Bunu bu kadar açıklamamın nedeni Şevval’in fotoğrafına bakarken orada bir fotoğrafçı iştahı görmenizi istemememdir. O fotoğraf bir anın yakalanışı fotoğrafı değil, o anı ıskalamak, belki de yok etmek isteğinde olan fotoğraftır.

Şevval’in psikolojisinin bozulduğunu söylüyor annesi Nurten Aşık, kızı göğsüne kapanıp dünyanın en huzurlu nefesini almaya çalıştığında. Şevval öyle birkaç nefesten sonra konuşuyor, ama gözlerinde yaş görünmese bile dudaklarıyla ağlayabilir gibi hâlâ, hatta tığ işi yakasıyla bile. “Ders yapamıyoruz” diyor…

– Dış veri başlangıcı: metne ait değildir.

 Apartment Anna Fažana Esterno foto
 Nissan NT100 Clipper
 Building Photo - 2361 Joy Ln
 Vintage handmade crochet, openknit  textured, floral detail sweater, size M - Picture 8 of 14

Başıbüyük’te, basit bir soruyla ağlayan, annesinin dışarı çıkmasından korkan kız çocuğu ders yapamadığına deli gibi üzülüyor.

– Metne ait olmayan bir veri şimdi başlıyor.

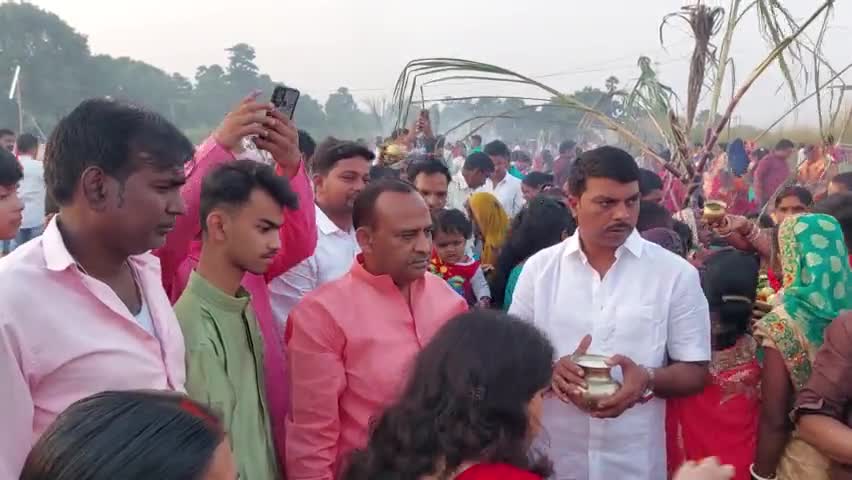 लोक आस्था के महापर्व छठ पूजा पर बोधगया मोचारिम के घाट पर छठव्रतियों के साथ अस्ताचलगामी भगवान सूर्य को अर्घ्य  देते हुए #माननीय_कृषि_मंत्री_कुमार_सर्वजीत!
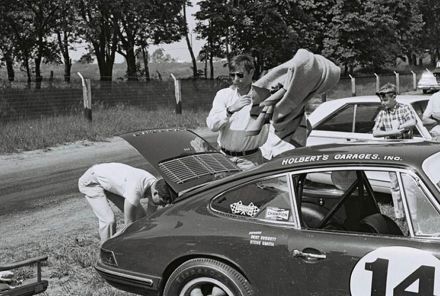Bert Everett – Porsche 911.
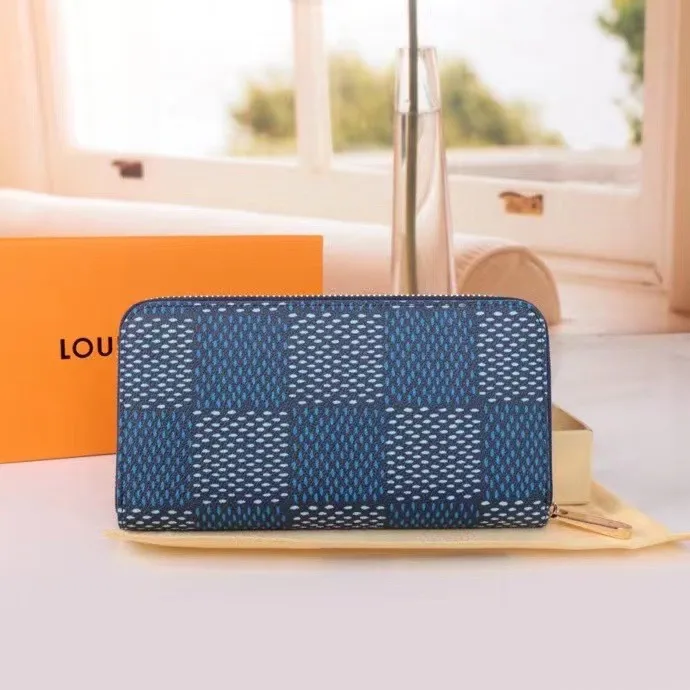 P140💰 Model: 60017 checkered sapphire blue New model The latest model for spring and summer 2024, this pocket wallet combines the elegance of Damier Graphite canvas with the delicate texture of Epi leather, with stripes emblazoned with the Louis Vuitton logo. The elegant design can accommodate credit cards, banknotes and receipts, making it suitable for daily carrying or gift giving. Epi leather and Damier Graphite coated sail. Textile cowhide trimmed cowhide lining, card compartment, inner pocket, outer patch pocket, Made in one of France, Spain, Italy and the United States; 19.5 x 10.5 x 2.5 cm (length x height x width)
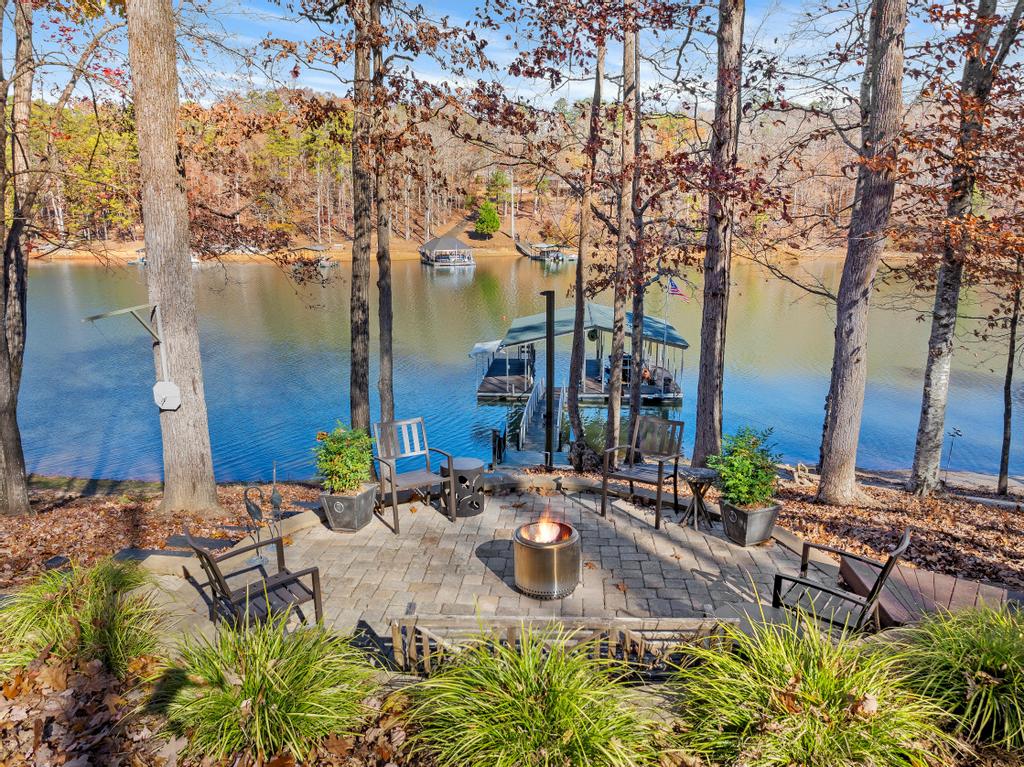 314 Two Rivers Drive Westminster, SC 29693 - Photo 4 of 45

Başıbüyük’ün hafızası şiddet dolu

İstanbul Büyükşehir Belediyesi (İBB ), TOKİ ve Maltepe Belediyesi tarafından Şubat 2006’da imzalanan protokolle mahalledeki boş alanda ilk etap için 300 konut yapılıcak. Mahallenin yaklaşık 30 bin nüfusu ve 30 yılı aşkın bir tarihi var. Sahip oldukları çocukların sayısı kadar kat çıkmışlar, apartmanlar en az 3 katlı bu mahallede. Mahallenin sakinleri ve polis arasında yaşanan şiddet olayların sayısını vermek güç. Panzerin, polisin hazır bulunduğu mahallede, her gün ufak da olsa bir şeyler yaşanıyor. Polis ve halk arasında çıkan ilk çatışmada 17 yaşındaki Erdem Bakırcı atılan gaz bombasıyla başından yaralanmış ve bir hafta komada kalmıştı. Beyin zarı hasar gören Bakırcı ameliyat olacak. Aynı olayda gaz bombası, cop darbeleri nedeniyle yaralanan birçok insan da var. TOKİ’ye ait tırlar mahalleye girerken mahallelinin engel olması sırasında polis gaz bombası kullandı. Olay sırasında ağır yaralan bir kadın var ve sonrasında gözaltına alınanlar da. Yaşanan bir başka olay, mahallede ağaçların sökülmesine tepki gösterenlerin mahallenin camisinde polis tarafından dövüldüğüydü.